Um relatório feito pelo Departamento Intersindical de Estatística e Estudos Socioeconômicos (Dieese), com base em estudos e programas pilotos no Brasil e em outros países, liderados pela organização não governamental 4 Day Week Global, revela que a redução da jornada para quatro dias, além de proteger empregos, melhora a qualidade de vida e a produtividade dos trabalhadores, portanto, é bom também para as empresas.
"Vamos apresentar essas informações na mesa. O mundo mudou, o mercado mudou, mas as mudanças tecnológicas, sem a participação social, têm aumentado a concentração de renda e isso não é diferente num setor tão intensivo em tecnologia, como é o setor financeiro", avalia Juvandia.

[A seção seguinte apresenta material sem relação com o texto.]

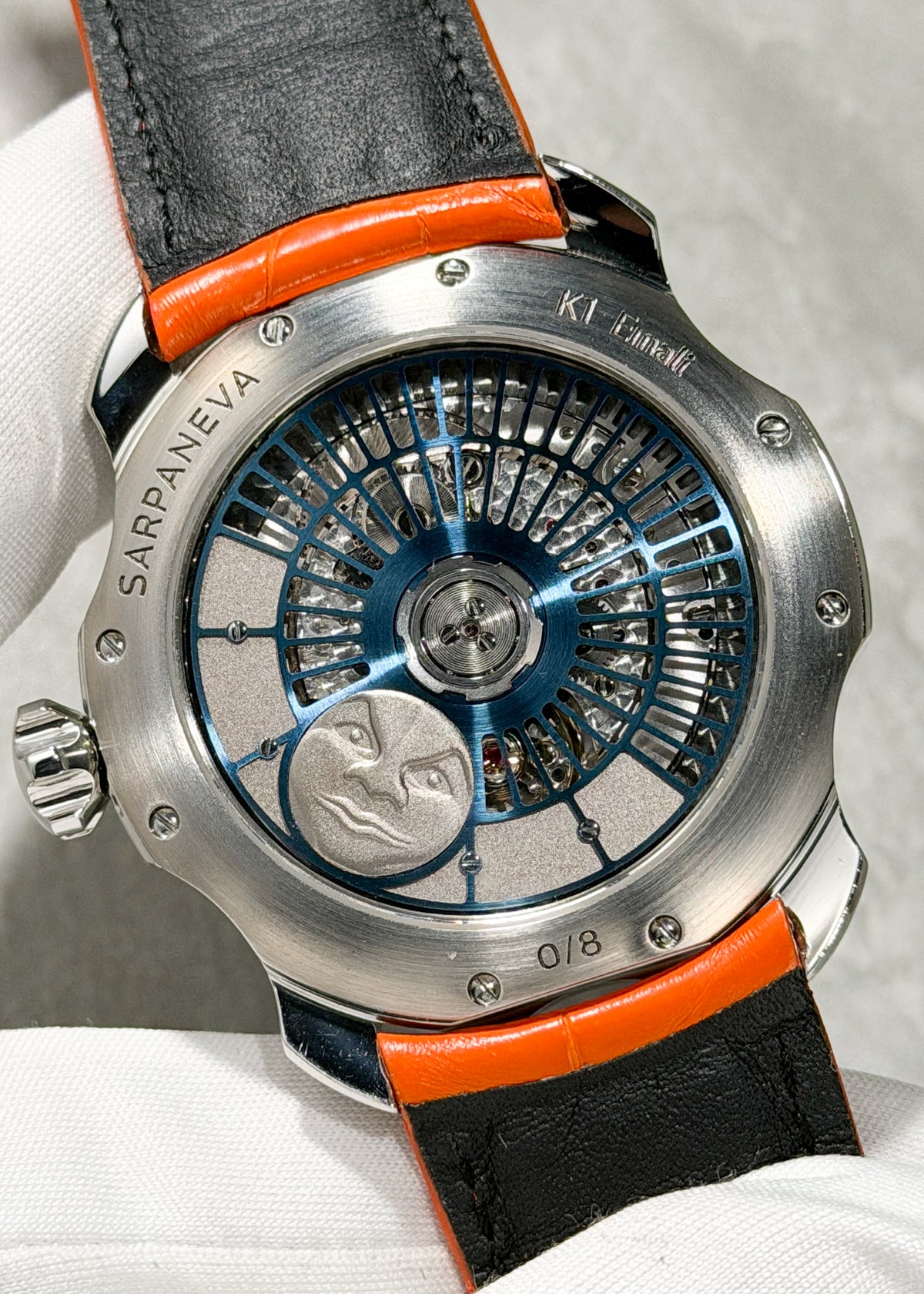 SARPANEVA "K1 Emali" w/ White Enamel Dial Special Edition - Serial #0/8 (Pre-Owned)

"É importante para nós, como sociedade, entender que todos nós contribuímos com os avanços da tecnologia, criando e utilizando, no trabalho e no dia a dia. Logo, nada mais justo do que o compartilhamento e democratização dos ganhos financeiros tecnológicos. E é para isso que chamamos atenção, não só para alcançar novas conquistas na CCT da categoria, mas para lançar mais luz sobre o tema, e auxiliar todos os demais trabalhadores e trabalhadoras do país. Por isso, nossa unidade na campanha é também relevante ao país", reforçou.
Outras pautas da mesa
Os trabalhadores também levarão para mesa reivindicações sobre teletrabalho e segurança física e digital no setor bancário.
Em relação ao teletrabalho, a categoria é atualmente referência sobre o tema, depois de ter se tornado a primeira, em 2022, a conquistar 12 cláusulas que garantem a saúde e a dignidade do trabalhador no home office. No conjunto, as cláusulas abrangem direitos, ambiente doméstico, equipamentos e mobiliário adequados, respeito à jornada, auxílio financeiro para compensar o aumento de gastos em casa e prevenção a abusos e assédio.
"Apesar de estas conquistas estarem em nossa CCT, os bancos ainda precisam avançar em cláusulas que contemplam os trabalhadores no home office", explica Juvandia Moreira.